Description
This assignment relates to the ‘Real-estate’ data set. People buying or selling houses would like to know how much they can expect to get, or pay, for a property. This is also a concern for those who are making mortgage loans, or for those taxing real estate (and who are more likely to commission statistical studies than individual home-owners). The price of a house depends on its physical characteristics, including size, features, quality of construction, age, etc. It also depends on location, and current market characteristics. You are approached by a research group which has a data on a sample of residential sales in a midwestern city; the variables are described in Table below.
-
Read the data into R. Call the loaded data “real.estate”.
- Answer the following sub-questions
- Use the “summary()” function to identify the types of variables. Which variables are categorical? Which variables are quantitative? Are there any concerns in the summary table? Explain.

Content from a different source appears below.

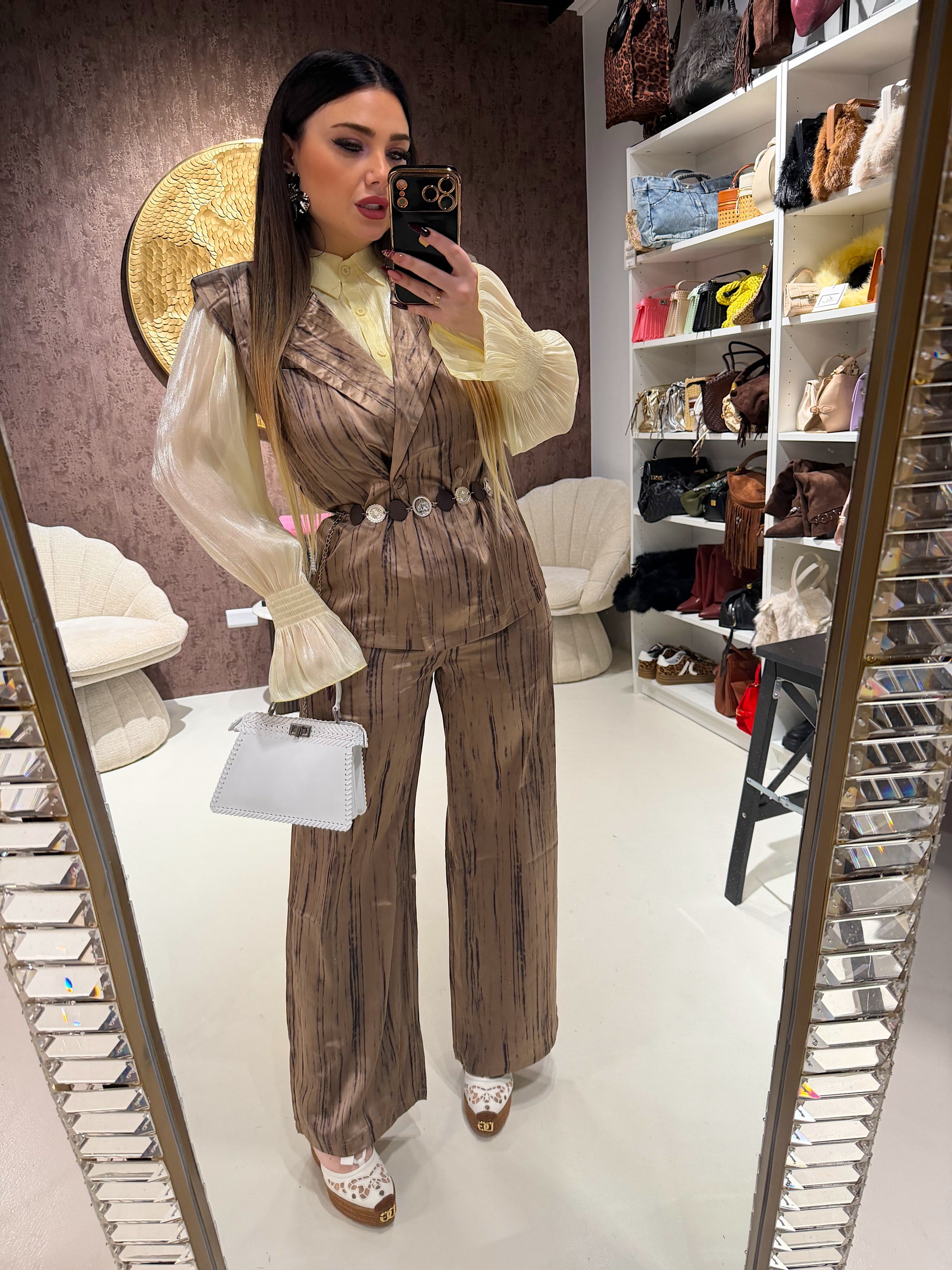 Completo venature luxury con cintura - R.a. Boutique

- Use the “pairs()” or “gpairs()” function to produce a scatterplot matrix of the first ten columns or variables of the data. Recall that you can reference the first then columns of a matrix A using A [,1:10]. Is there any interesting patterns? Which variables seem associated with the sales price? Explain.
- Use the “as.factor” function to regenerate categorical variables.

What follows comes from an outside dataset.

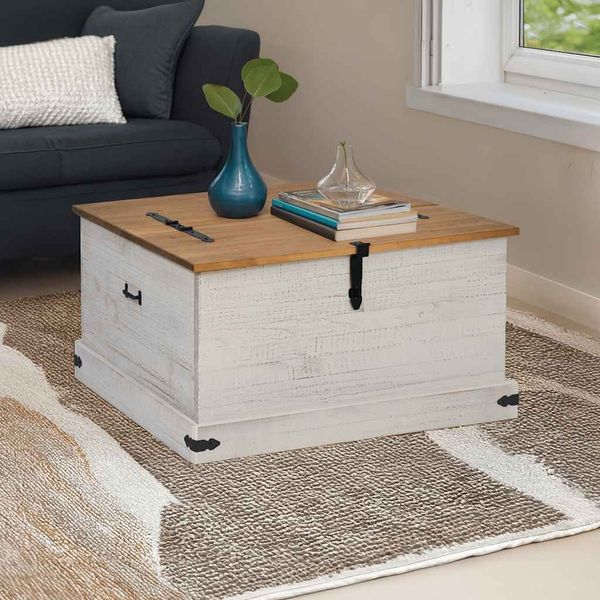 vidaXL Truhe HALDEN Weiß 91x91x47 cm Massivholz Kiefer 4018406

- Fit the models and address the following when building that model:
- Fit the null model and the full model
- Find the best sets of predictors using the stepwise procedures.
- Find the best sets of predictors using the best subset approach.
- Considering the models in part (ii) and part(iii), choose the best model.
- Interpret the coefficients of the best model in this context.
- Evaluate the best model.
- Check the assumptions using “plot()” function.
- Continue exploring the data, and provide a brief summary of what you discover.